萩原朔太郎の初期の詩には、日本語の表現力がそれまでの誰もが想像もしなかった程に豊饒であることを提示してみせた作品が多く、言葉の選択やリズムにはっと胸を突かれます。たとえば有名な『竹』の2連目。

かたき地面に竹が生え、
地上にするどく竹が生え、
まっしぐらに竹が生え、
凍れる節々りんりんと、
青空のもとに竹が生え、
竹、竹、竹が生え。

こうして横書きにすると若干印象が変わってしまいますが、画数の少ない「竹が生え」の繰り返し、「かたき」「するどく」といった形容、微妙に定型をはずしたリズム、口語と文語の混合などが、地面からさまざまな太さで頭上へと伸び上がっていく竹林を視覚的にも連想させる。これだけだと高村光太郎の世界になってしまいそうですが、この前の1連目にうたわれている「青竹の地下にあってかすかにふるえている根の先の繊毛」は現代人の神経の病みをイメージさせ、このモチーフは饐えた菊、屋根の上で「おわああ、ここの家の主人は病気です」と泣く黒猫、内臓がくさりかかった蛤、といった具合にさまざまにかたちを変えて繰り返され、読む者を不安にします。

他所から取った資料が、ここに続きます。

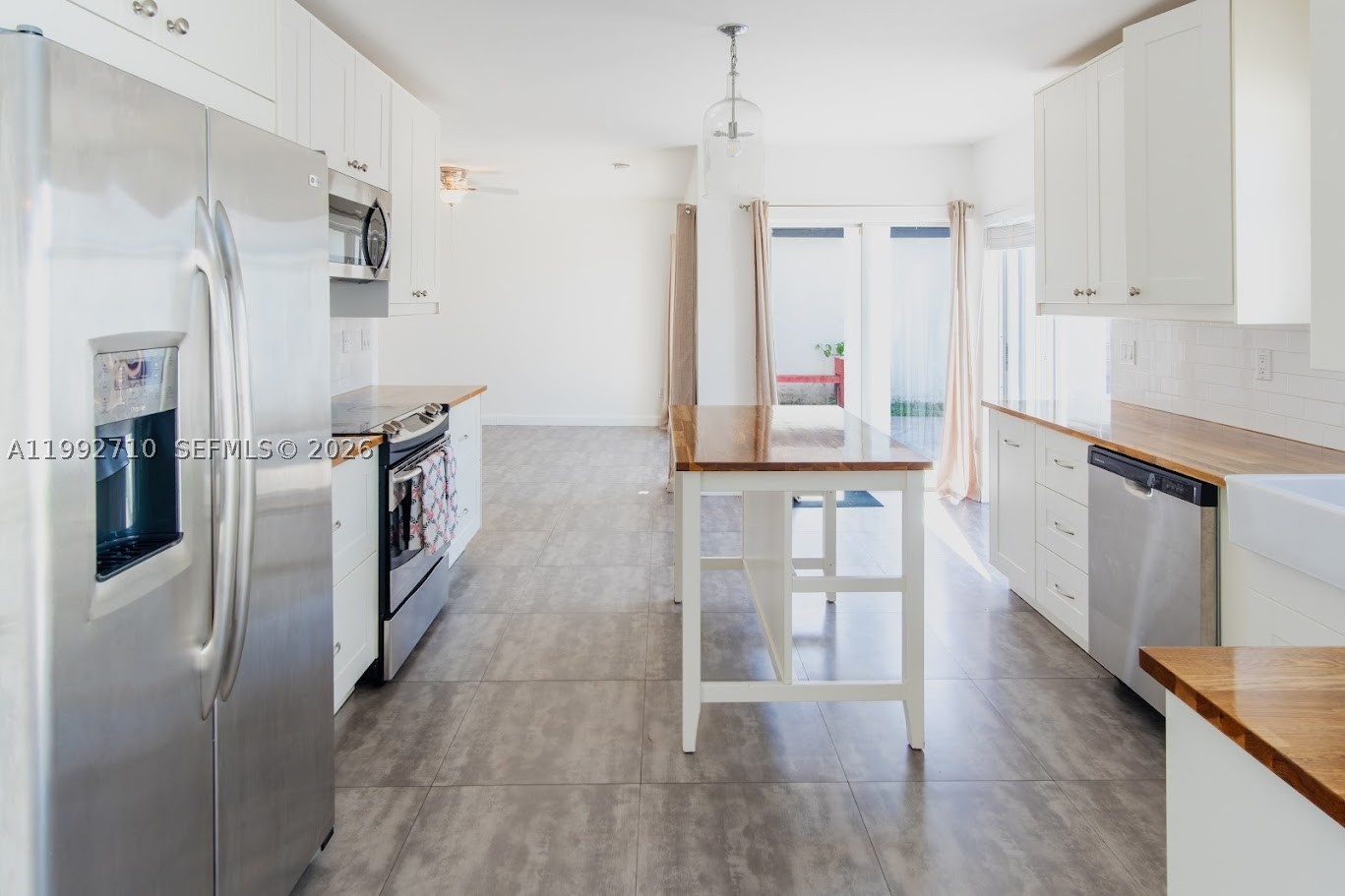 WESTWIND LAKES SEC 6 - Residential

セクシュアルな欲望を表現した詩も少なくなく、女性の柔らかい手や乳房への憧憬が、あるときはストレートに(『愛憐』)、あるときはユーモラスに(『その手は菓子である』)表現されますが、それらのどこかに狂気の毒が含まれていると感じるのは、これらの詩を書く同じ詩人が例えば『春の感情』の中で次のようにうたって見せているためです。

春がくるときのよろこびは
あらゆるひとのいのちをふきならす笛のひびきのやうだ
ふるへる めづらしい野路のくさばな
おもたく雨にぬれた空気の中にひろがる一つの音色
なやましき女のなきごゑはそこにもきこえて
春はしっとりとふくらんでくるやうだ。
春としなれば山奥のふかい森の中でも
くされた木株の中でもうごめくみみずのやうに
私のたましひはぞくぞくとして菌を吹き出す

また萩原朔太郎の言葉に対する独特な感性は、猫の泣き声おわあ、こんばんは蠅の羽音ぶむ ぶむ犬の遠吠えのをあある とをあある やわあなどに見てとることができ、『軍隊 通行する軍隊の印象』ではづしり、づしり、ばたり、ばたり / ざつく、ざつく、ざつく、ざつく。と繰り返される行進の足音によって、油ぎった巨重の機械に喩えられた軍隊の暴力性が読む者の眼前を通過しているかのような錯覚すら覚えさせます。